_PROBLEM_. Below are lines of records; copy exactly those from the one containing "Snowflake Light Gray" through the one containing "Black Cat Snow", leaving the pictures behind.

_DATA SECTION_.
==================================================
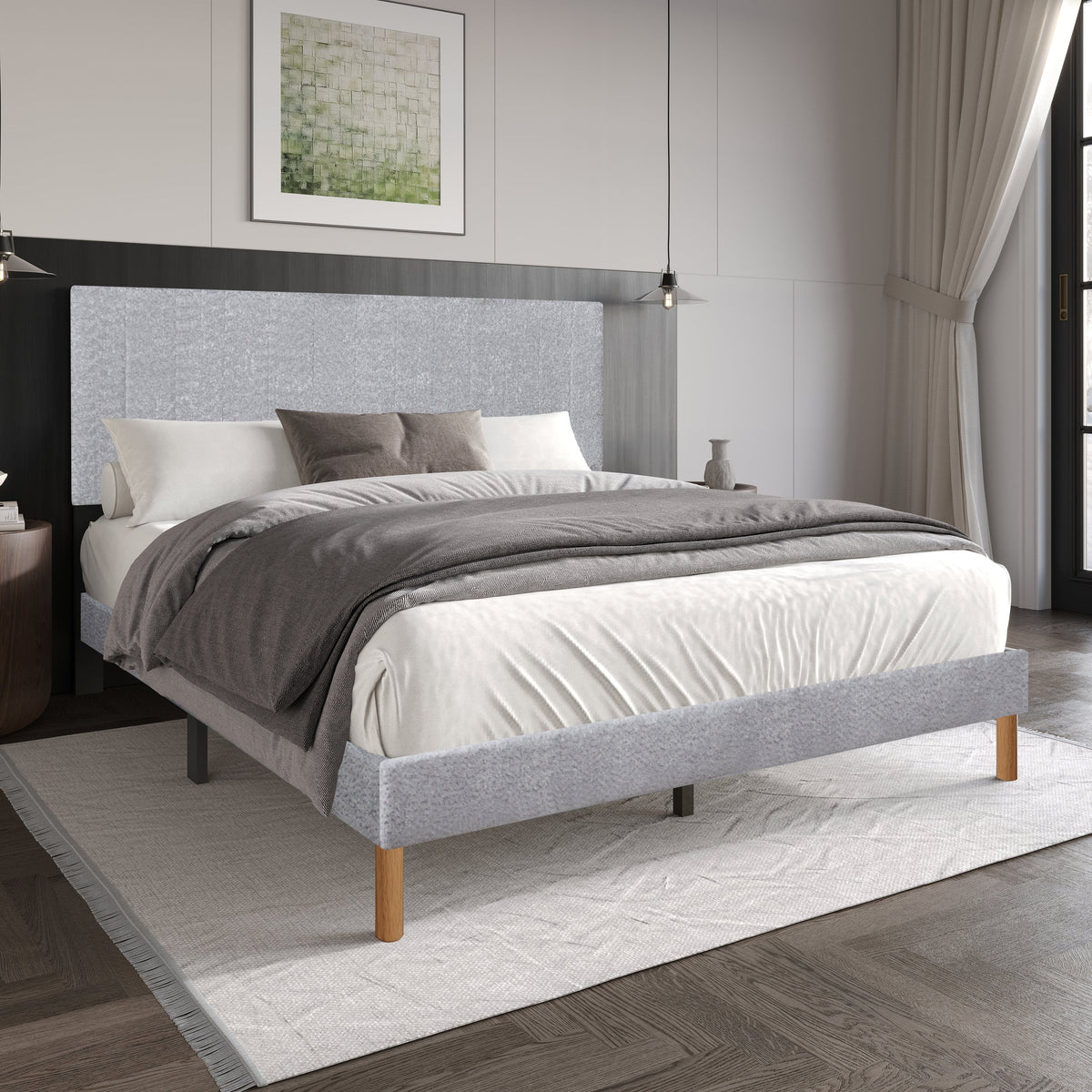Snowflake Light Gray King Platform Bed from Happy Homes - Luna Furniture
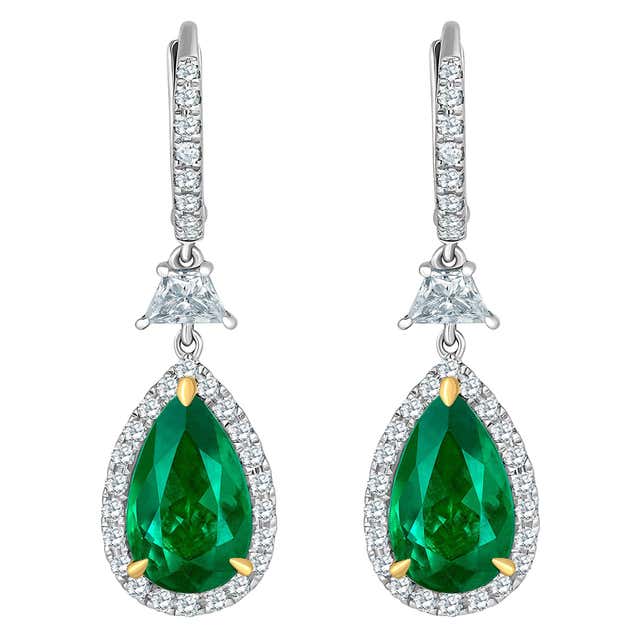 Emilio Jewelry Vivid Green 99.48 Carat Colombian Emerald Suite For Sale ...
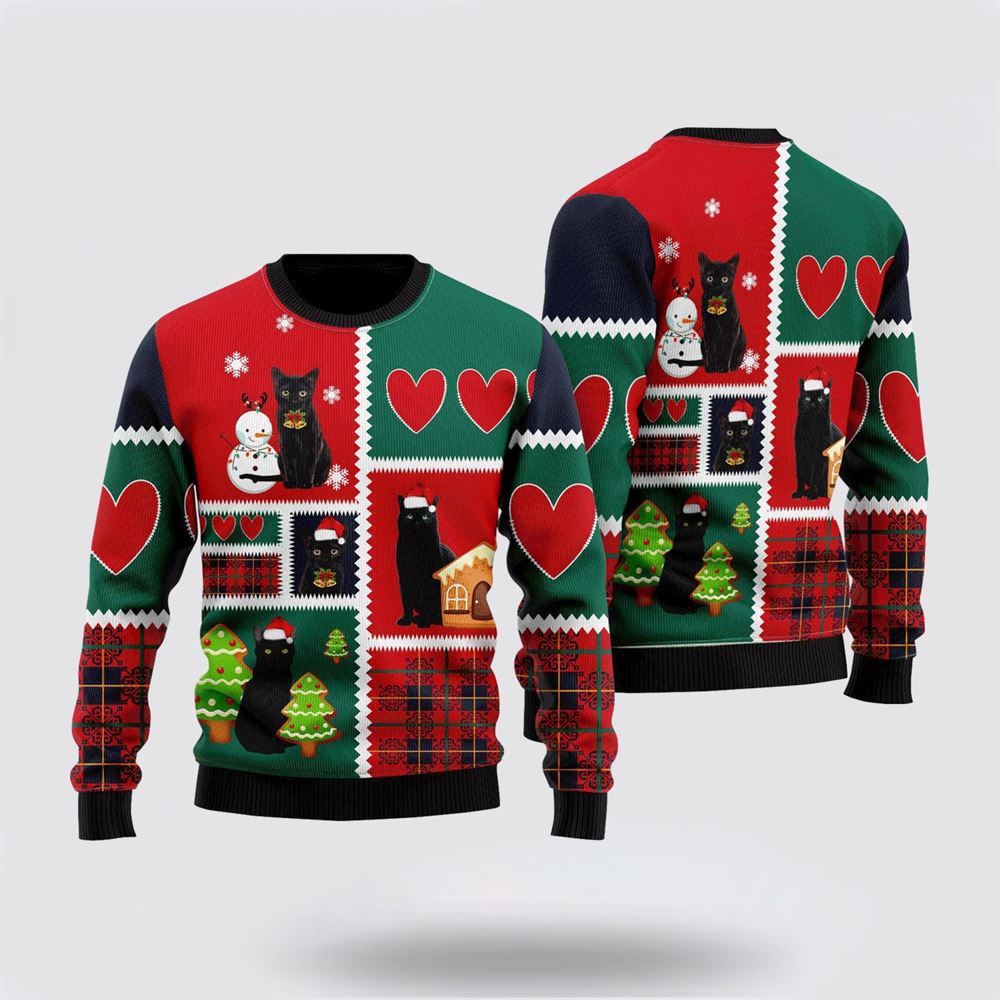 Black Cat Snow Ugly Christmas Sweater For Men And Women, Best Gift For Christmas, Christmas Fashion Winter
==================================================
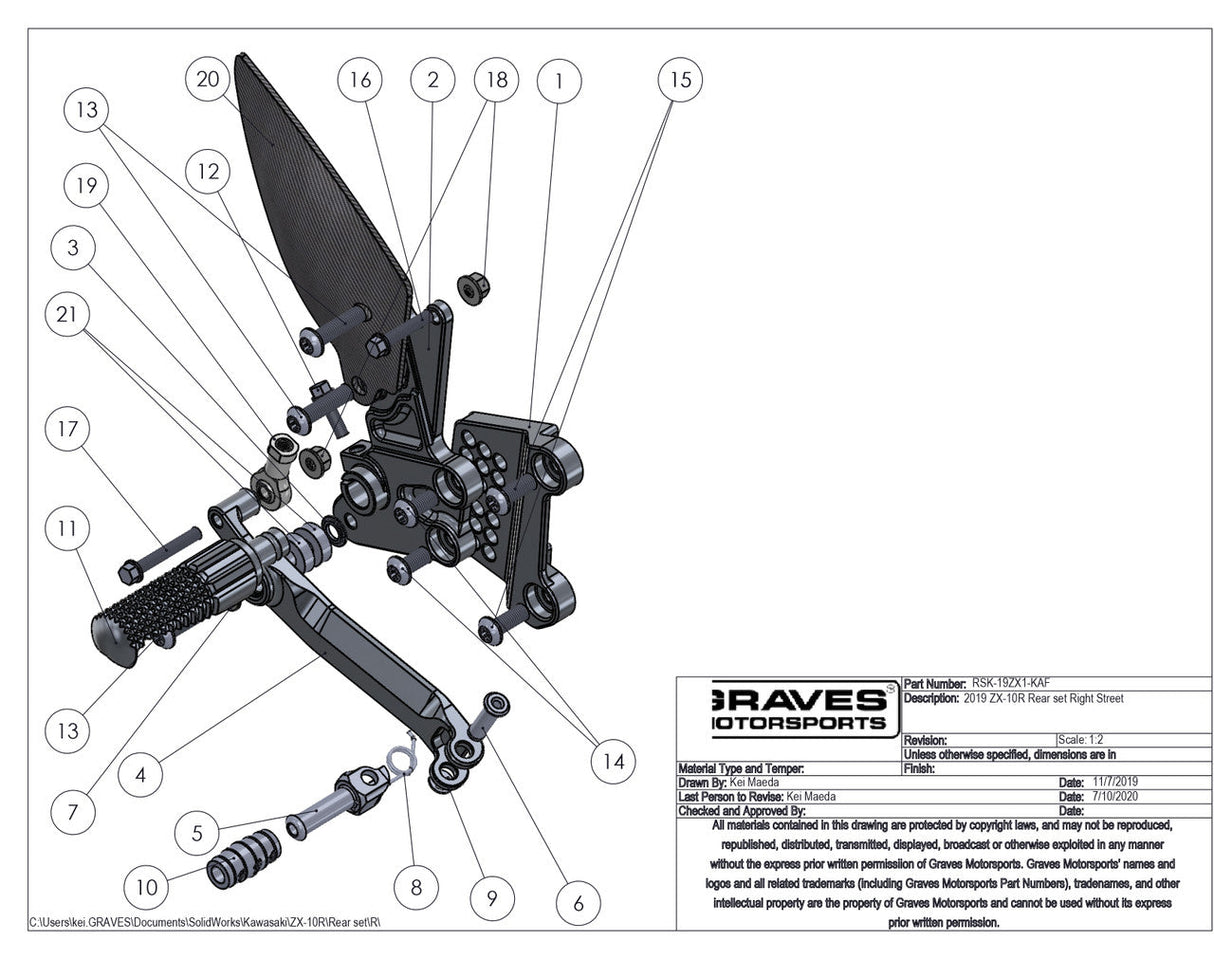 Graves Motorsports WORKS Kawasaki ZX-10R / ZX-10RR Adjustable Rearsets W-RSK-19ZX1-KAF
==================================================
_ANSWER SECTION_.
Snowflake Light Gray King Platform Bed from Happy Homes - Luna Furniture
 Emilio Jewelry Vivid Green 99.48 Carat Colombian Emerald Suite For Sale ...
 Black Cat Snow Ugly Christmas Sweater For Men And Women, Best Gift For Christmas, Christmas Fashion Winter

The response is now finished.